[WORK TASK]: What does the data read, word for word, from the line containing "Create me a" through its final line? Give those lines only.

[RECORDS SUPPLIED]:
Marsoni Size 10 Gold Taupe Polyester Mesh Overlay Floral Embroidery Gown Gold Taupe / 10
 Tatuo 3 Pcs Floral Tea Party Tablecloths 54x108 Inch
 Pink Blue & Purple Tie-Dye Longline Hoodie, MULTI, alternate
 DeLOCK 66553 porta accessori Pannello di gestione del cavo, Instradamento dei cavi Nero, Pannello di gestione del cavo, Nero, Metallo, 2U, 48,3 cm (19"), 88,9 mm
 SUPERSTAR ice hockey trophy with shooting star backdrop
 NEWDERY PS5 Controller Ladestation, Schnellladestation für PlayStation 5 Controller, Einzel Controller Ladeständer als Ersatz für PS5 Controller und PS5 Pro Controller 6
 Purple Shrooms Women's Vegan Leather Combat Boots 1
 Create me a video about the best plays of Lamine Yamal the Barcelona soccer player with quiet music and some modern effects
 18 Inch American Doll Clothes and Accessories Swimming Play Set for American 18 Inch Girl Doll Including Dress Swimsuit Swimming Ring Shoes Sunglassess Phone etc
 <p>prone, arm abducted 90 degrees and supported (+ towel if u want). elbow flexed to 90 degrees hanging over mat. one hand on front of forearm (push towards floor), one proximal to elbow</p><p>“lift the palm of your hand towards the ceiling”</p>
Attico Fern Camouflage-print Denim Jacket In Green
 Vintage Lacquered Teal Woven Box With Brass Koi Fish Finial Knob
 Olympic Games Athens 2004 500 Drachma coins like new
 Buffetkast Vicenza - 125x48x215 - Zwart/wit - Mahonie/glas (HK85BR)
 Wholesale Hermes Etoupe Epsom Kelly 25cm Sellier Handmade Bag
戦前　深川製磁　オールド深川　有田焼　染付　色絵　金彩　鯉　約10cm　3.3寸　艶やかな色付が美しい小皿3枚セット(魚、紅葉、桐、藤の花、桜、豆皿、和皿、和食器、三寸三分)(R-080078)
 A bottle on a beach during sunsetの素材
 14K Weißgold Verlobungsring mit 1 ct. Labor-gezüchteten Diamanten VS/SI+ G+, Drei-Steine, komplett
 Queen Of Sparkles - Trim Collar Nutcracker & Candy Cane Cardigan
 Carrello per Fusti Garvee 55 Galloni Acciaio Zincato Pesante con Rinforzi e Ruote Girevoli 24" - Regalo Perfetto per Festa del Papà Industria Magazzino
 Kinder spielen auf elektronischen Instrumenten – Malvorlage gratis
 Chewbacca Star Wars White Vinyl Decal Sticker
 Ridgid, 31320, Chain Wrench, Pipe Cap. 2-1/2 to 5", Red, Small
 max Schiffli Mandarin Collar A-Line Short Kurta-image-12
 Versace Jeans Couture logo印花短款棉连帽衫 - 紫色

[TASK SOLUTION]:
 Create me a video about the best plays of Lamine Yamal the Barcelona soccer player with quiet music and some modern effects
 18 Inch American Doll Clothes and Accessories Swimming Play Set for American 18 Inch Girl Doll Including Dress Swimsuit Swimming Ring Shoes Sunglassess Phone etc
 <p>prone, arm abducted 90 degrees and supported (+ towel if u want). elbow flexed to 90 degrees hanging over mat. one hand on front of forearm (push towards floor), one proximal to elbow</p><p>“lift the palm of your hand towards the ceiling”</p>
Attico Fern Camouflage-print Denim Jacket In Green
 Vintage Lacquered Teal Woven Box With Brass Koi Fish Finial Knob
 Olympic Games Athens 2004 500 Drachma coins like new
 Buffetkast Vicenza - 125x48x215 - Zwart/wit - Mahonie/glas (HK85BR)
 Wholesale Hermes Etoupe Epsom Kelly 25cm Sellier Handmade Bag
戦前　深川製磁　オールド深川　有田焼　染付　色絵　金彩　鯉　約10cm　3.3寸　艶やかな色付が美しい小皿3枚セット(魚、紅葉、桐、藤の花、桜、豆皿、和皿、和食器、三寸三分)(R-080078)
 A bottle on a beach during sunsetの素材
 14K Weißgold Verlobungsring mit 1 ct. Labor-gezüchteten Diamanten VS/SI+ G+, Drei-Steine, komplett
 Queen Of Sparkles - Trim Collar Nutcracker & Candy Cane Cardigan
 Carrello per Fusti Garvee 55 Galloni Acciaio Zincato Pesante con Rinforzi e Ruote Girevoli 24" - Regalo Perfetto per Festa del Papà Industria Magazzino
 Kinder spielen auf elektronischen Instrumenten – Malvorlage gratis
 Chewbacca Star Wars White Vinyl Decal Sticker
 Ridgid, 31320, Chain Wrench, Pipe Cap. 2-1/2 to 5", Red, Small
 max Schiffli Mandarin Collar A-Line Short Kurta-image-12
 Versace Jeans Couture logo印花短款棉连帽衫 - 紫色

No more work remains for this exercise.